Probablemente. Lo cierto es que como lo ha dicho El Universal, hace pocos años, cuando la violencia, o la percepción que los mexicanos tienen de ella, no era tan fuerte como ahora, “especulábamos sobre la posibilidad de que México se ‘colombianizara’”. Esto suponía que el demonio estaba afuera queriendo entrar. Para dolor de México, hoy está adentro y no tiene previsto salir.
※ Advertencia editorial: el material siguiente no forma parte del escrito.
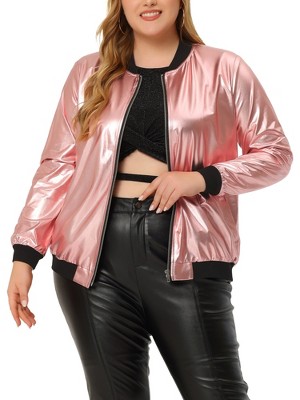 Agnes Orinda Women's Plus Size Party Metallic Sequin Sparkle Zip Bomber  Jackets Gold 3X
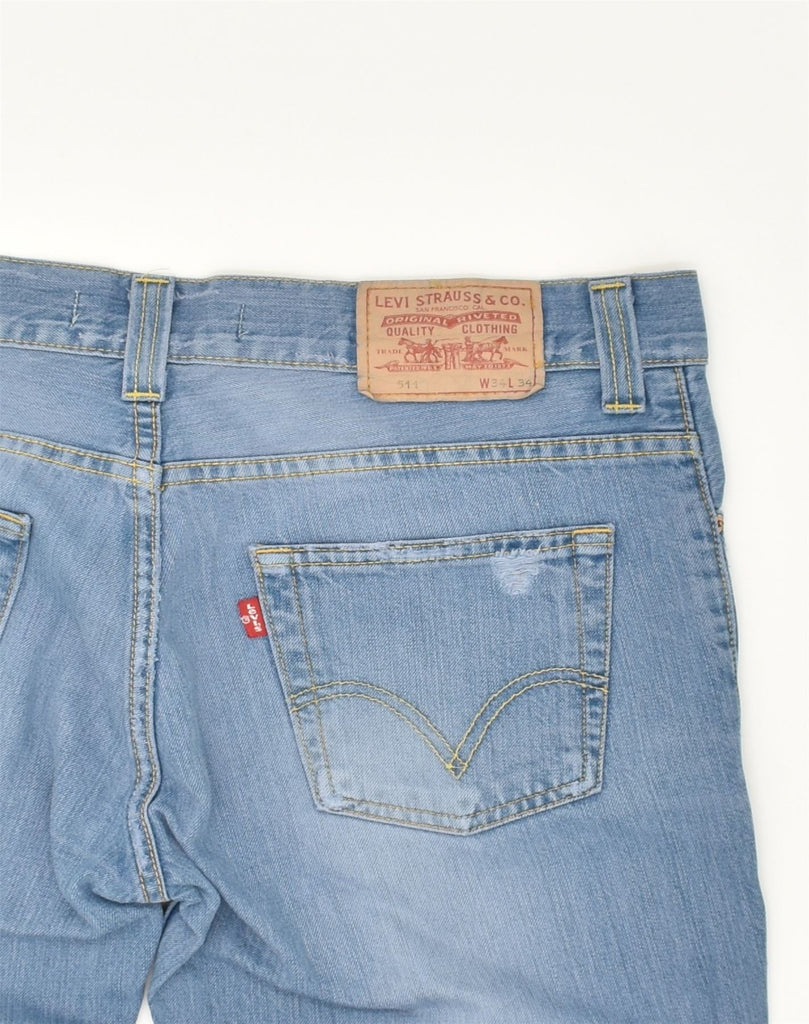 LEVI'S Mens 511 Distressed Slim Jeans W34 L28 Blue Cotton | Vintage Levi's | Thrift | Second-Hand Levi's | Used Clothing | Messina Hembry 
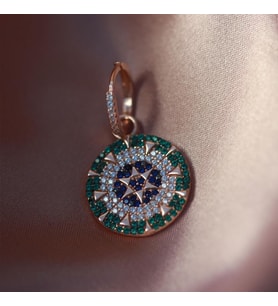 Renkli Zirkon Taşlı Yıldız Rose Gold Kaplama Gümüş Küpe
La reñida estrategia de la administración Calderón para la guerra antinarcótica, consistente en sumar al combate contra el narcotráfico a las fuerzas de defensa nacional, le ha otorgado la recompensa de algunos pares de orejas significativas. Sin embargo, según un editorial del citado diario El Universal, las encuestas muestran que la gente percibe tanta o más inseguridad que antes. La situación socioeconómica aumenta las posibilidades de que muchos mexicanos deban optar entre morirse de hambre palmo a palmo o hacerse millonarios por un tiempo traficando estupefacientes. Y el costo de la cocaína en Estados Unidos no cesa de aumentar, lo mismo que el consumo.
Hoy, el centro del lúgubre escenario lo ocupa Arturo “la Muerte” Beltrán Leyva. Todo pareciera indicar que mañana lo ocupará otro nombre y apodo, que se oirán narcocorridos fúnebres, que el periodismo entrará y saldrá de la literatura como la aguja del tapiz, pero que el escenario seguirá siendo el mismo.